The good news about Keytruda and her own health was tempered by the fact that friends she made during the campaign died waiting, or finally received the treatment, but it was too late to take effect.
And in some cases, Keytruda doesn't work.
But for every life cut short by melanoma, Renwick has heard stories where there is now hope.
"You used to get sent out the door and told there's nothing they can do for you. Now there is something they can do for you. And that's really neat."
The Herald New Zealander of the Year
48, lives in Tauranga
Mother of three, married to Wayne
Maths teacher at Mt Maunganui College
May 2015: Diagnosed with Stage 4 melanoma and given weeks to live. Told no treatment available in public system. Started taking dabrafenib, a gene therapy drug, which costs $12,000 a month.
August: Tests showed her cancer had shrunk. But she was told the cancer would become resistant to dabrafenib.
October: She switched to pembrolizumab, better known as Keytruda, which costs $8500 every three weeks.
November: Interviewed in Herald series on funding for cancer treatment. Appalled by "have, have not" divide in health care.
"It seems to me in this country the rich people are able to get treatment and the poor people aren't.
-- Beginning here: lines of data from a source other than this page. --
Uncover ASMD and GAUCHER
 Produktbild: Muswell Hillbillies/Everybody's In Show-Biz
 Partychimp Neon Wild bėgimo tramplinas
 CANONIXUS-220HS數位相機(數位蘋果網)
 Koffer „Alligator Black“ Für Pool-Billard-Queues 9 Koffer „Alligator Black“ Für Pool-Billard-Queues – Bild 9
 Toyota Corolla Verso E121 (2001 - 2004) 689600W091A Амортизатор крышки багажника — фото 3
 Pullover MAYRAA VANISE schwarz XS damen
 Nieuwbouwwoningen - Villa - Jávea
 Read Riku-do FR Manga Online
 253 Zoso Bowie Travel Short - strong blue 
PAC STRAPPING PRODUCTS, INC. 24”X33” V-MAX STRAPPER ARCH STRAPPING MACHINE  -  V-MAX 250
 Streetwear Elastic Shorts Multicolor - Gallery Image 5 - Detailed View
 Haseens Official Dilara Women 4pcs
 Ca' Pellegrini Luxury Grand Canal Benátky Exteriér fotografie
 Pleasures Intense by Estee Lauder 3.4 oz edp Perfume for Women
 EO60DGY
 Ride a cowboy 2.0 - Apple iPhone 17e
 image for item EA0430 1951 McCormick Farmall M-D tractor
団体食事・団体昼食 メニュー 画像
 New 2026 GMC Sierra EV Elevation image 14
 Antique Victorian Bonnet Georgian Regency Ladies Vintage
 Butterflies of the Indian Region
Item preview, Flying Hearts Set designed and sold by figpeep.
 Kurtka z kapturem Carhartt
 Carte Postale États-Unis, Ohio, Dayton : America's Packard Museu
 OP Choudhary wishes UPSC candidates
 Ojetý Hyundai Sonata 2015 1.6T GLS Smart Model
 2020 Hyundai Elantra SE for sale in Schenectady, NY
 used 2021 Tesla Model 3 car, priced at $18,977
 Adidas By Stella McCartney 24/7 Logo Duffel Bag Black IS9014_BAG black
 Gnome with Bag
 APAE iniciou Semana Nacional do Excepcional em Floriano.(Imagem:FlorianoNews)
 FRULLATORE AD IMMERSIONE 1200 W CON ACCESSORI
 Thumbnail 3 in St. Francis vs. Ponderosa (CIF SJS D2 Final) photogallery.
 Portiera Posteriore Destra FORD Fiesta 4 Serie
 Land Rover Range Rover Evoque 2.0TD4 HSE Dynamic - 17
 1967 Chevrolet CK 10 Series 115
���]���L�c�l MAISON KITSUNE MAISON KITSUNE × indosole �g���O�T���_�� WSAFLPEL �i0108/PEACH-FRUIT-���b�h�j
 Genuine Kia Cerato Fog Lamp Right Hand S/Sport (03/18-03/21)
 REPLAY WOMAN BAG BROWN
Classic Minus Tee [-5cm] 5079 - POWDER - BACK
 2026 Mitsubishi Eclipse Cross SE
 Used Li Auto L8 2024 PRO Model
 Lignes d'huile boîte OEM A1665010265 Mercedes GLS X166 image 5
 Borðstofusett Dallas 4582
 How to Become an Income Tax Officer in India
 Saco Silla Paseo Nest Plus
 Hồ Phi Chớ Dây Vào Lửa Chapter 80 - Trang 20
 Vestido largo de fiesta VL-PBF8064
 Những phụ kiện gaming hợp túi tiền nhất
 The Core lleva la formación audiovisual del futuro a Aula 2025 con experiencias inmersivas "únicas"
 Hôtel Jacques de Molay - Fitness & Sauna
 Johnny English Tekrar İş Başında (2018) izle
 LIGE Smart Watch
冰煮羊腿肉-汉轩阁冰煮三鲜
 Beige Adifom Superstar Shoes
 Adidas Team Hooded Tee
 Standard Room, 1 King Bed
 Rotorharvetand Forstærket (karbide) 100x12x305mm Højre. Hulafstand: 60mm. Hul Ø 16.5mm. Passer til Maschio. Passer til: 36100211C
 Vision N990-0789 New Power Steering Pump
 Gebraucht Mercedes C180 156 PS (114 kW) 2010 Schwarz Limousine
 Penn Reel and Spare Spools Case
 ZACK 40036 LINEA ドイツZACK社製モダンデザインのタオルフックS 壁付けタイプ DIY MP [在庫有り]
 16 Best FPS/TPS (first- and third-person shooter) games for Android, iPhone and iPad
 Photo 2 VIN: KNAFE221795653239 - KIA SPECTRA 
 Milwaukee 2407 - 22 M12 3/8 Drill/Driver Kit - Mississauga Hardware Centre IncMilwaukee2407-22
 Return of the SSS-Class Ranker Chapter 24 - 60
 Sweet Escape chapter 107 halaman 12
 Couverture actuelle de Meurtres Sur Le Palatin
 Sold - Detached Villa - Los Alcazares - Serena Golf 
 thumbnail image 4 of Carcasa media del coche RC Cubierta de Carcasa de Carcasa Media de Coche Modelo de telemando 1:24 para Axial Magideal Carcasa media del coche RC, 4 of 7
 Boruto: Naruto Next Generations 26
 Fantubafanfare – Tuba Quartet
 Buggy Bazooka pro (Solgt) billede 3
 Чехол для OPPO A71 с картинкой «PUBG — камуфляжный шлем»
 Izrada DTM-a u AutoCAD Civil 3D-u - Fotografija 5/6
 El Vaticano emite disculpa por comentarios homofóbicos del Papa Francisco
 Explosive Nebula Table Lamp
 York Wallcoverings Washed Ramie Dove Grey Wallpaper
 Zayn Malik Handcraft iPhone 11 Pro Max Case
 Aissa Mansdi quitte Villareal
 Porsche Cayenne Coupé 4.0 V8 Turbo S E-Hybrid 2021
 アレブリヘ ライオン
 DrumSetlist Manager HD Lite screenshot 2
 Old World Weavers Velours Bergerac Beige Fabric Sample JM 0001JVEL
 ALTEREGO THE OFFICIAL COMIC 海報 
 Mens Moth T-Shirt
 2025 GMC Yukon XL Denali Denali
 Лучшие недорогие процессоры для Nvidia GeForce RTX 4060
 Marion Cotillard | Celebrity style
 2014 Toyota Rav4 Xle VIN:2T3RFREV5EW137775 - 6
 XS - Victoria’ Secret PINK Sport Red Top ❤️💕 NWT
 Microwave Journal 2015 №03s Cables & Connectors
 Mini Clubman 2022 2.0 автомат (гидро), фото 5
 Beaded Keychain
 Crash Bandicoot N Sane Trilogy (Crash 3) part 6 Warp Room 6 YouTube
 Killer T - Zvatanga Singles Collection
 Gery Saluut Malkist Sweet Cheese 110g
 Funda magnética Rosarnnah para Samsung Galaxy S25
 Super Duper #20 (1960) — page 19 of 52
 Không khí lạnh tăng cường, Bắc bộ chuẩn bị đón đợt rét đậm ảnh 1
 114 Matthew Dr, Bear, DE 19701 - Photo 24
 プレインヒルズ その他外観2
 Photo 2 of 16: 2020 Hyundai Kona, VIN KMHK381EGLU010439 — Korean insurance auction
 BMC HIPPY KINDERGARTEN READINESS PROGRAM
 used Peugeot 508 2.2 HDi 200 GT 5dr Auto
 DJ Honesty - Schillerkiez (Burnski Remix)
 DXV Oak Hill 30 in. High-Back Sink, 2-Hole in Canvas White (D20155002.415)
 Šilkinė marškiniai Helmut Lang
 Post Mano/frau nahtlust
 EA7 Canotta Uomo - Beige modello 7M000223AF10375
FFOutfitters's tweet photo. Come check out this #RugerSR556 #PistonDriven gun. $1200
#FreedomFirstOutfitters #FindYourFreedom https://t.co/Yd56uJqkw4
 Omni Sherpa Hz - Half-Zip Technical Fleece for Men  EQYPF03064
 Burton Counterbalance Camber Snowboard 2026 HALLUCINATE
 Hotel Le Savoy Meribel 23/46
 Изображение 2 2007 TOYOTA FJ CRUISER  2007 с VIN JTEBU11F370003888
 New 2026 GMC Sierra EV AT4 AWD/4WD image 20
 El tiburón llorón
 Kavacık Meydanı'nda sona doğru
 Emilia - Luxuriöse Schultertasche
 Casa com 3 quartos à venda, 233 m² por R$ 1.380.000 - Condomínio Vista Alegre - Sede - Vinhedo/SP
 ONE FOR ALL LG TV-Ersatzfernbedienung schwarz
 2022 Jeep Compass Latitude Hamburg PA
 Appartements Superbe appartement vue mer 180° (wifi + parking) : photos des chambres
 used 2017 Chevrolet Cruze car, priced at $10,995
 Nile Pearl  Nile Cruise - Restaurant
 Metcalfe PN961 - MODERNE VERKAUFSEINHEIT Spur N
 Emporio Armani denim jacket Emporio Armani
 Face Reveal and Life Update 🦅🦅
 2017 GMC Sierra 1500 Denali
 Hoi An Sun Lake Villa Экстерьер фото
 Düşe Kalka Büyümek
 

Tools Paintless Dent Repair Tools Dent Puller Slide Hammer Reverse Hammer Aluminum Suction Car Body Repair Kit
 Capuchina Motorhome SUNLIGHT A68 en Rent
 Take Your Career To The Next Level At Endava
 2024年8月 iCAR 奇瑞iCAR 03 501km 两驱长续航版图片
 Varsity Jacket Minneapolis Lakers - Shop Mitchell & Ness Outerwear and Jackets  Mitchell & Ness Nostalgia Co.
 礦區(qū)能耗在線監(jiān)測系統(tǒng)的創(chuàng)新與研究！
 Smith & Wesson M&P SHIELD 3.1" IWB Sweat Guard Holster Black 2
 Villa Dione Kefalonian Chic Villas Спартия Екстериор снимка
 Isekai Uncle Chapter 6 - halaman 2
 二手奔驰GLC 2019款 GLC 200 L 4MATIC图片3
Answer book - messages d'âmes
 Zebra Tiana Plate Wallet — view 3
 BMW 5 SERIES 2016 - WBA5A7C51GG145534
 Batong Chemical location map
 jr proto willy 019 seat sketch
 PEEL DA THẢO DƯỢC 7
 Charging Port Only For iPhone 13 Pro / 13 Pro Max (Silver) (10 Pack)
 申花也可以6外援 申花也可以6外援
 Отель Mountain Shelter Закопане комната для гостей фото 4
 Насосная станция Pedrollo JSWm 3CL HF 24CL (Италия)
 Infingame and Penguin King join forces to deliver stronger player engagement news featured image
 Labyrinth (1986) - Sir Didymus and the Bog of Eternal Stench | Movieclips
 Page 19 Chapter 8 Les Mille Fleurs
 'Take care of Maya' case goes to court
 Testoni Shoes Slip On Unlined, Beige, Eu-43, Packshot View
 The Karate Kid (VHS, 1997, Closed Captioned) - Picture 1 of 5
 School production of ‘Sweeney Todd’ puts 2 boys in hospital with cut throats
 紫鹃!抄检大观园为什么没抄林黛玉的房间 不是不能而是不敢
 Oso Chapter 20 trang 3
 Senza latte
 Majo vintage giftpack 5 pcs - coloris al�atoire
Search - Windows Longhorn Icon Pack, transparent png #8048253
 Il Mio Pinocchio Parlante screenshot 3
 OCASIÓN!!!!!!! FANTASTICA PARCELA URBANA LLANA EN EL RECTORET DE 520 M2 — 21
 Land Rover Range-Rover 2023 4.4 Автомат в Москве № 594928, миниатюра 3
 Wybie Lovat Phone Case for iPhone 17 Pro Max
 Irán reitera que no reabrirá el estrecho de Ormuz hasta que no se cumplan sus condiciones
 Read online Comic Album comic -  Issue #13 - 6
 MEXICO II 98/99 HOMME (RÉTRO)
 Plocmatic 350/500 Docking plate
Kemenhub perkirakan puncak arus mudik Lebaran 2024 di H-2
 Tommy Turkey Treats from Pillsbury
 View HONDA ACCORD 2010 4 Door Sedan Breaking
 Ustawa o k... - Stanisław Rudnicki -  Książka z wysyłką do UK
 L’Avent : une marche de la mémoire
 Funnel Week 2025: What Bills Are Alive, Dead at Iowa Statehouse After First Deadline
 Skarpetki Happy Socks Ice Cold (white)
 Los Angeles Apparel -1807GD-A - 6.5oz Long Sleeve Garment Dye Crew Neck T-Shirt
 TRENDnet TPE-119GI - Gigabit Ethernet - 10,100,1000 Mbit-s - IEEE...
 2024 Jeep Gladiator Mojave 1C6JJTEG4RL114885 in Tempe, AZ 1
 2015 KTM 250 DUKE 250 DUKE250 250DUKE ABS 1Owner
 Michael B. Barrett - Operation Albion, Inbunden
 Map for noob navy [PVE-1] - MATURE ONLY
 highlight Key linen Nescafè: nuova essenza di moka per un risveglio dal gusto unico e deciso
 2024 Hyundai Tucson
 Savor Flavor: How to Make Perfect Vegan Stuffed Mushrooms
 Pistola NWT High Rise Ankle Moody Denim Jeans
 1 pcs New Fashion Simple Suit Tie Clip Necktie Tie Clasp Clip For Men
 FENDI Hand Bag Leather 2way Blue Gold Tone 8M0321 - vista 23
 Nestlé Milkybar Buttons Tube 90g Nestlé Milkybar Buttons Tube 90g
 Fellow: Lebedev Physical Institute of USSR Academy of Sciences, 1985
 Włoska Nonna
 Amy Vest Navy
They are sent home with lots of painkilling drugs. They are sent home to die. I think that's really wrong."
Starts petition to Parliament requesting more funding for Pharmac to provide pembrolizumab for those with advanced melanoma.
March 2016: Presents petition of 11,085 signatures on steps of Parliament.
May: Government announces $39 million funding boost for Pharmac.
June: Pharmac announces Keytruda will be publicly funded from September.
August: Renwick makes submission on petition to Health Select Committee, unusual because the petition was already successful.
December: Named the Herald's New Zealander of the Year.
The other 2016 New Zealand Herald New Zealander of the Year finalists were: Helen Kelly; Professor Patria Hume; Taika Waititi; Peter Boshier; Jason and Major Timms; Eliza McCartney; Peter Beck, an anonymous mum who brought school seclusion rooms into the light; and Te Whanau o Te Puea Marae.